Robinson predicts the last three quarters of next year will be particularly busy. “I think the first quarter will mirror what we are seeing right now with a softer market,” he says. “With the number of sponsors in the market raising capital and pent-up demand on the sell side, we will likely see a race to get deals done.

“Portfolio transactions will probably come back first at a higher volume than GP-led transactions because there is an immediate need there that has to be addressed with motivated sellers and there are a number of buyers that may be a little overweighted with the flurry of GP-led transactions done over the last 12 months so those buyers will likely look to balance their investment mix with high quality LP portfolio transactions. Additionally, as bid/ask spreads reduce we will see a real rebound across the board.”

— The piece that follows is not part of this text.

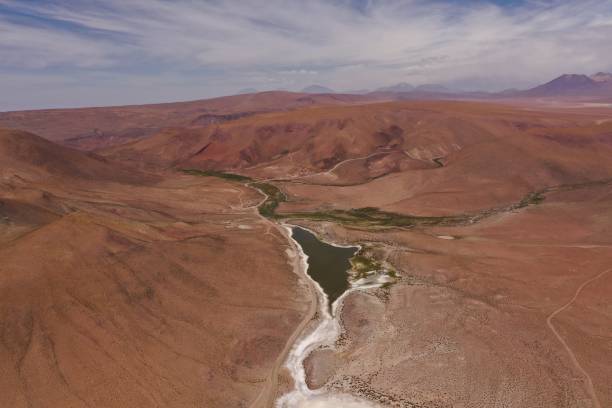 istock Aerial 360 PANORAMIC at Antofagasta - Chile. Desert 1226170940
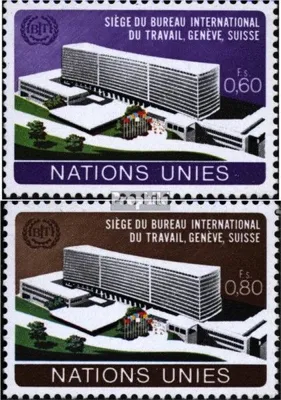 Produktbild von Briefmarken UNO - Genf 1974 Mi 37-38 (kompl.Ausg.) postfrisch IAO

It is true that 2022 has been a challenging year, but once the recapitalization starts taking shape, expect more secondaries growth to come.

 

Meet the roundtable

Sola Adeleye
Director, Citi Private Funds Group

Sola Adeleye co-heads Citi’s Private Funds group and advises private market sponsors and institutional investors on secondary market liquidity solutions, primary fundraising and LP portfolio financing. He has over 15 years of private market experience across secondary advisory, secondary investing and investor relations from KKR, Landmark Partners and UBS.

Gordon Appell
Managing director, PJT Park Hill

Prior to joining PJT Park Hill in 2021, Gordon Appell was a director in the Client & Partner Group at Kohlberg Kravis Roberts, where he was a product specialist responsible for the firm’s North American private equity and energy real assets platforms. Previously, Appell was a director in Credit Suisse’s Private Fund Group.

 

Ben Perl
Managing director, Neuberger Berman

Ben Perl is global co-head of NB Secondary Private Equity. He is a member of the secondary, real estate secondary and strategic capital investment committees. Perl joined the firm in 2001 and Neuberger Berman Private Equity in 2007. Prior to that, he worked as an associate at Lehman Brothers Venture Partners (now Tenaya Capital).

Yann Robard
Founder, Whitehorse Liquidity Partners

Yann Robard founded Whitehorse in 2015 and has over 20 years of private equity experience. Based in Toronto, Whitehorse has raised over $12 billion in commitments, deployed over $16 billion in over 185 transactions and consists of a team of over 125 individuals. Prior to Whitehorse, Robard spent a cumulative 13 years at CPPIB.

Chris Robinson
Partner, Proskauer

Christopher Robinson primarily focuses his practice on representing buyers and sellers, as well as market intermediaries, in connection with complex secondary transactions, including traditional sales and purchases of fund interests, secondary direct transactions, captive fund spin-out arrangements, fund recapitalizations and restructurings, and “stapled” secondary transactions.